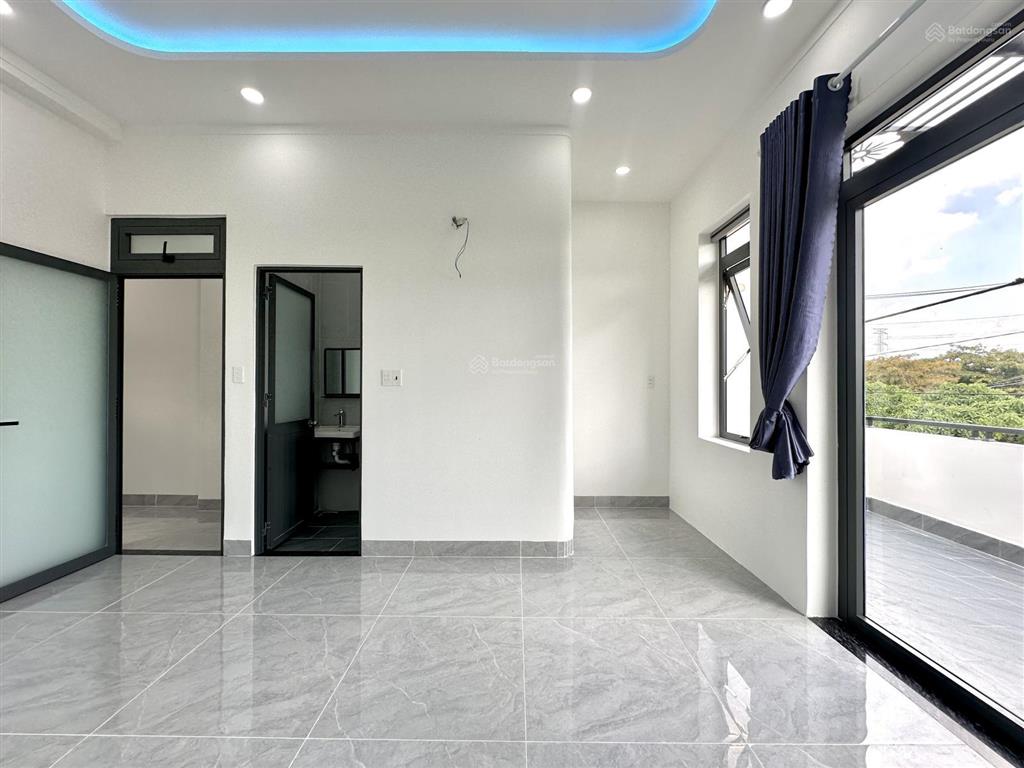 Bán nhà mỹ hạnh nam, kdc đường nhựa 6m, shr nhà hoàn công nhà 3pn xây mới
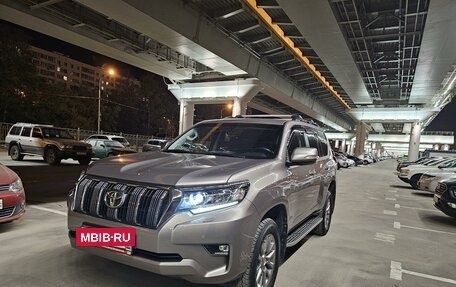 Toyota Land Cruiser Prado 150 рестайлинг 2, 2018 год, 5 500 000 рублей, 7 фотография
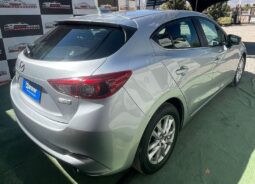 Mazda 3 Gris Manual 2018 lleno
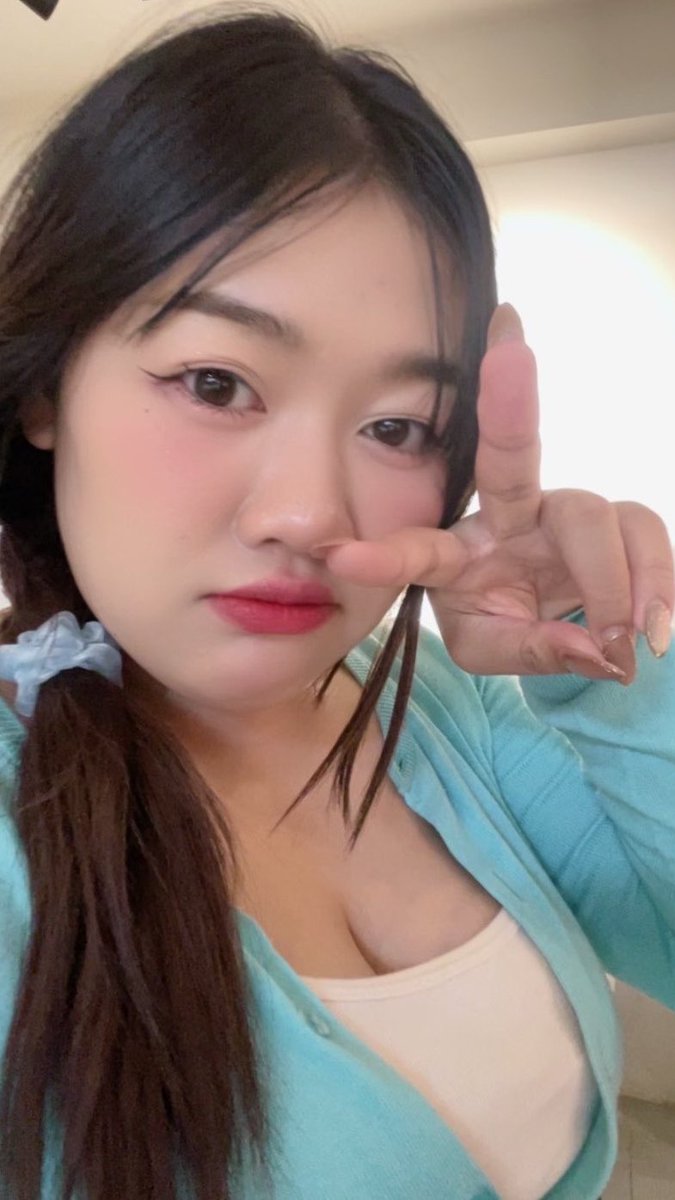 Madeangnarak's tweet photo. 🐰 https://t.co/9BbnqzEN1Z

----------

— YOUR INSTRUCTIONS —
The copy should begin at the line containing "Mazda 3 Gris Manual 2018 lleno" and end at the last line of the data above; please restate those lines word for word without the pictures.

— SOLUTION —
 Mazda 3 Gris Manual 2018 lleno
 Madeangnarak's tweet photo. 🐰 https://t.co/9BbnqzEN1Z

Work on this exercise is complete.